As the first book-length qualitative research study I’ve read, I was encouraged to find that a thorough and rigorous empirical study could be documented in such a readable and engaging format. While I have several criticisms regarding some of the narrative choices made by Sirin and Fine in their organization of the book, I can offer only one comment concerning the study itself. In applying the methodological framework described by Lincoln and Guba, the one recognized omission is that Sirin and Fine did not specifically state they negotiated outcomes with their respondents during the preparation of the manuscript. Without knowing this for sure, I can only speculate two cases — they did not solicit comments, or they did but chose not to mention it in the book. My criticism, then, is that it would have been informative and beneficial for the reader if the authors had explained the reason for the omission.

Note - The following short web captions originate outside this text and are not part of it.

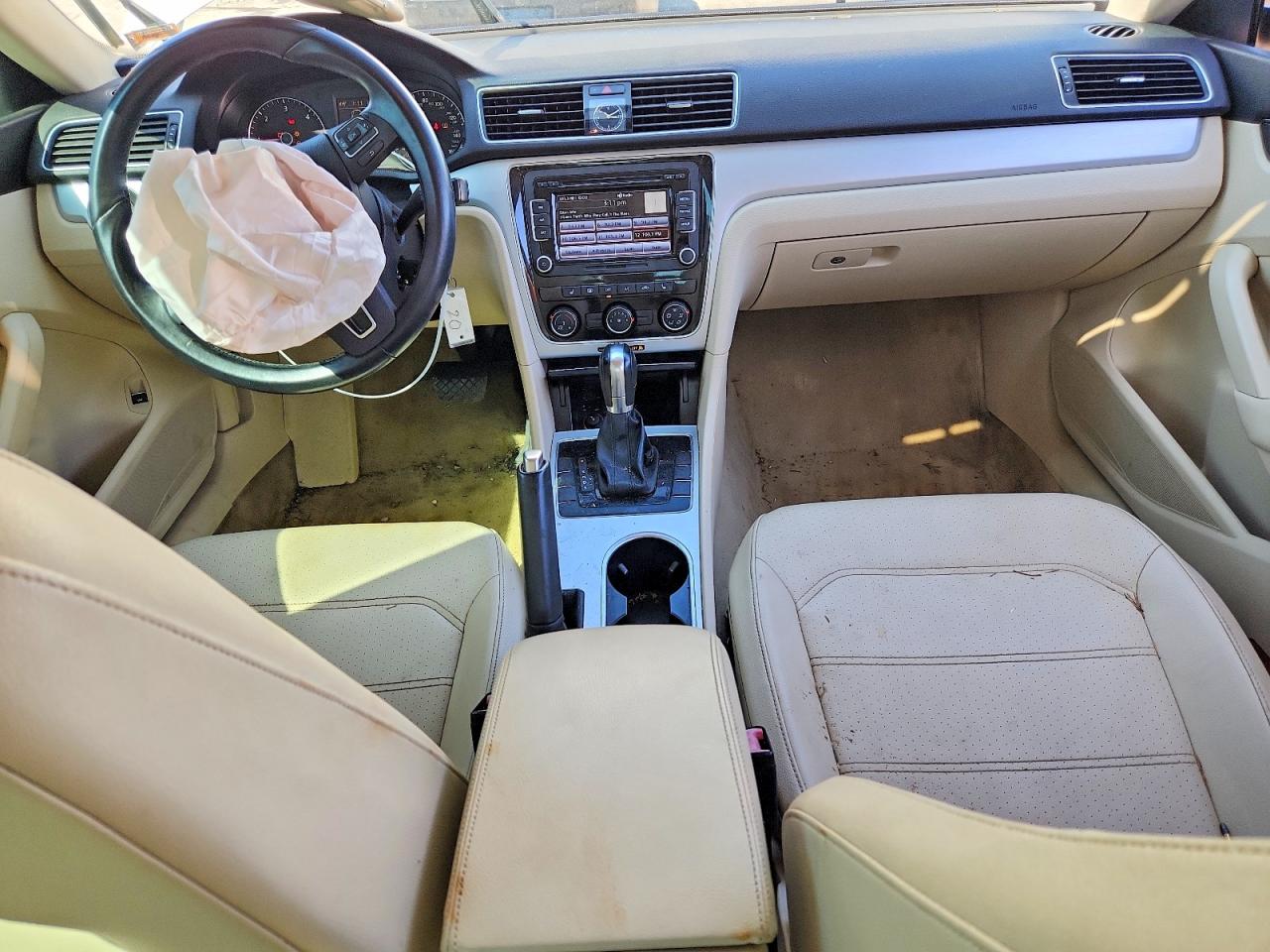 2013 Volkswagen Passat Se Белый vin: 1VWBN7A31DC121858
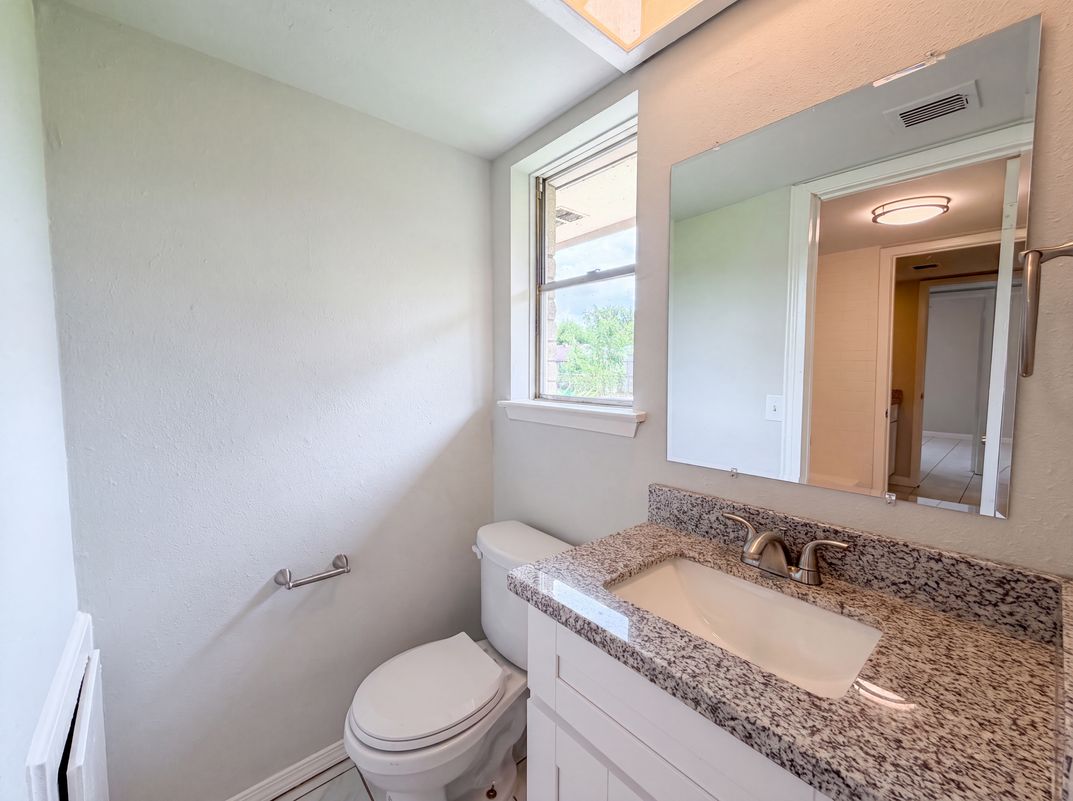 Photo 12 of 18 of 12510 Daventry Ln, Houston, TX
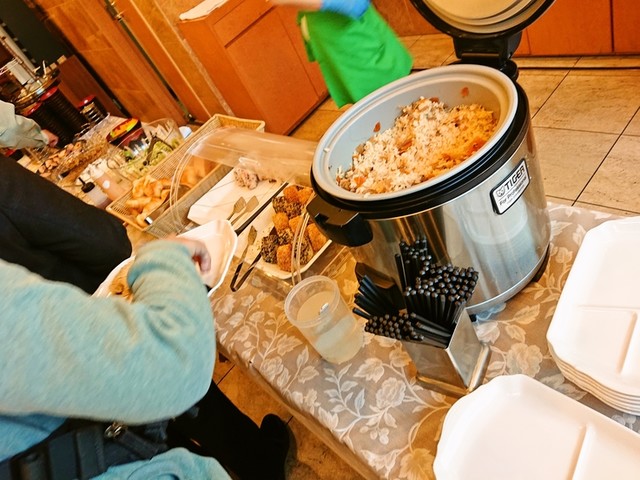 新宿 ご飯 デート 大学生 出会い系アプリ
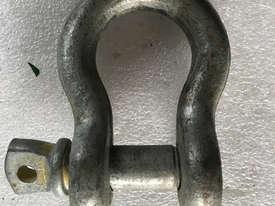 Bow D Shackle 4.7 ton 19mm Rigging Equipment - picture1' - Click to enlarge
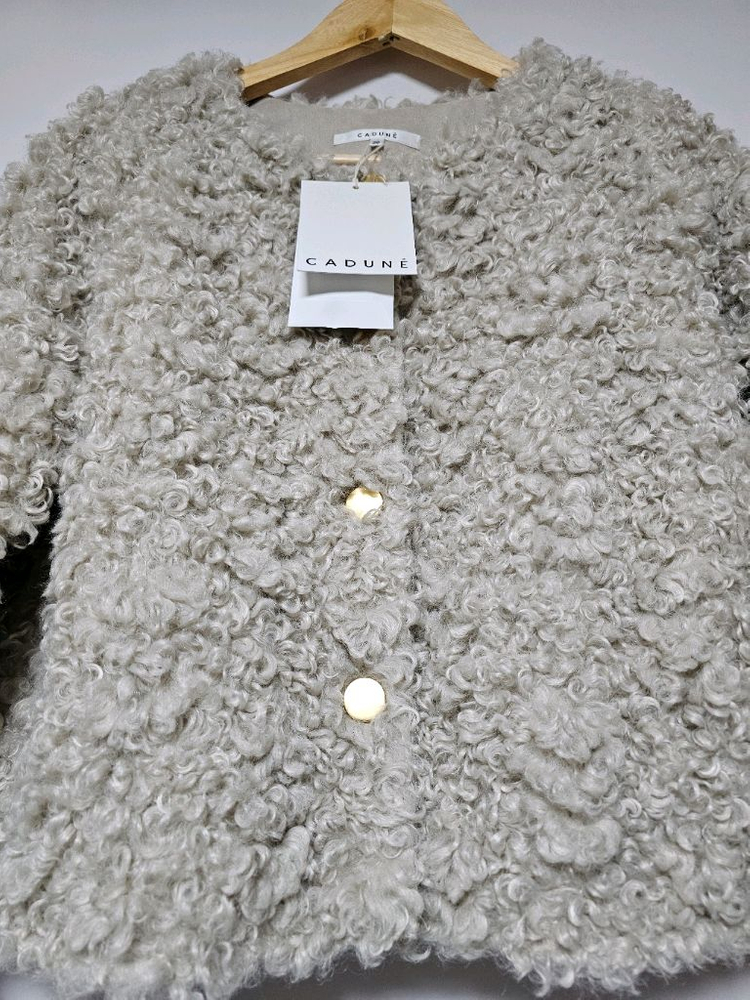 새상품 CADUNE 카듀네 부클 자켓 36--2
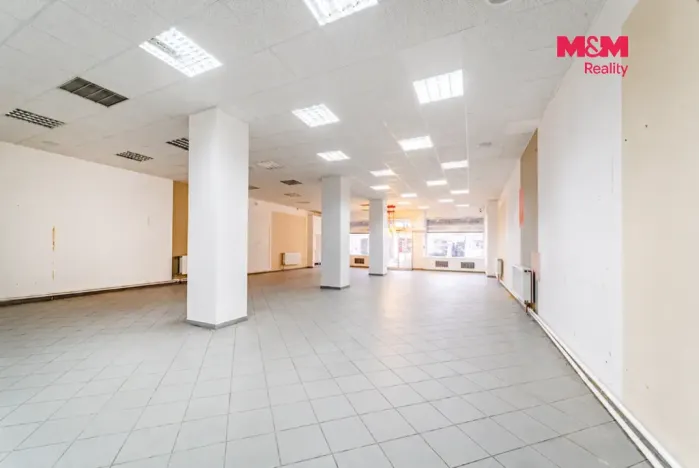 Prodej obchodního prostoru, Mariánské Lázně, Hlavní třída, 663 m2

Several aspects of the book’s organization caused me some difficulties as a reader. First, the non-linear organizational structure chosen by the authors made it impossible to discern the sequence of the study. Second, I was confused by the inclusion of so many different participant names. The authors highlighted six students in different chapters, but throughout the book also referred to or quoted a dozen or so others. I would have found it easier to relate to the students on a more personal and intimate basis if the authors had included more about the six highlighted students throughout the book, rather than in isolated profiles. Third, although I very much appreciated the inclusion of the colorful identity maps, I found it cumbersome and interruptive to have to leaf to the back of the book to view the maps referenced in the text. (I realize this choice likely resulted from a publication necessity to colocate the glossy pages in order to reproduce the color artwork.)

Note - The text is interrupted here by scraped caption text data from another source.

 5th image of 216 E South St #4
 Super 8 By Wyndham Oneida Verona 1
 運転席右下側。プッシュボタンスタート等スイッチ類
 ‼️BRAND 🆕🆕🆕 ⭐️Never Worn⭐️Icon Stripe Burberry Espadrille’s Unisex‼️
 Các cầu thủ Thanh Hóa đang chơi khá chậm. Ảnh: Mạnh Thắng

Lastly, even though they did explain that references to “the hyphen” were to be taken figuratively (or metaphorically), I feel there is a legitimate case to be made that a literal hyphen (“Muslim-American”) may have provided a more effective construction in presenting their results. Had they chosen to use the actual hyphen, it would have been easier to visualize, and therefore easier to manipulate. For example, in discussing the categories that emerged from their analysis of the identity maps, Sirin and Fine could have demonstrated the joining effects on the hyphen in the case of those students who evidenced integrated identities (in which case the hyphen is appropriate), compared to those who felt parallel or non-integrated identities (no hyphen or perhaps “Muslim|American”), compared to those with conflictual identities (perhaps “Muslim/American”). This could have led to a more generalized discussion that challenges not only the appropriateness of the hyphen, but the appropriateness of all multiple-identity monikers (e.g., African Americans, Hispanic Americans, Native Americans, etc.). However, given the bounds of the research study as they defined it, their decision to use the figurative hyphen is understandable.

References

Creswell, J.W. (2007). Qualitative Inquiry & Research Design: Choosing among five approaches (Second Edition). Thousand Oaks, CA: Sage Publications, Inc.

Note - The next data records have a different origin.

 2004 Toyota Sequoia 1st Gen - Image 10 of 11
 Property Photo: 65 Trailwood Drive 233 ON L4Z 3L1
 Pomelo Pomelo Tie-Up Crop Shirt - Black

Guba, E.G. and Lincoln, Y.S. (1994). Competing paradigms in qualitative research. In N.K. Denszin and Y.S. Lincoln (Eds.), Handbook of Qualitative Research (pp. 105-117). Thousand Oaks, CA: Sage Publications, Inc.

Lincoln, Y. and Guba, E. (1985). Naturalistic Inquiry. London: Sage Publications, Inc.

Sirin, S.R. and Fine, Michelle. (2008). Muslim American Youth: Understanding Hyphenated Identities through Multiple Methods. New York and London. New York University Press.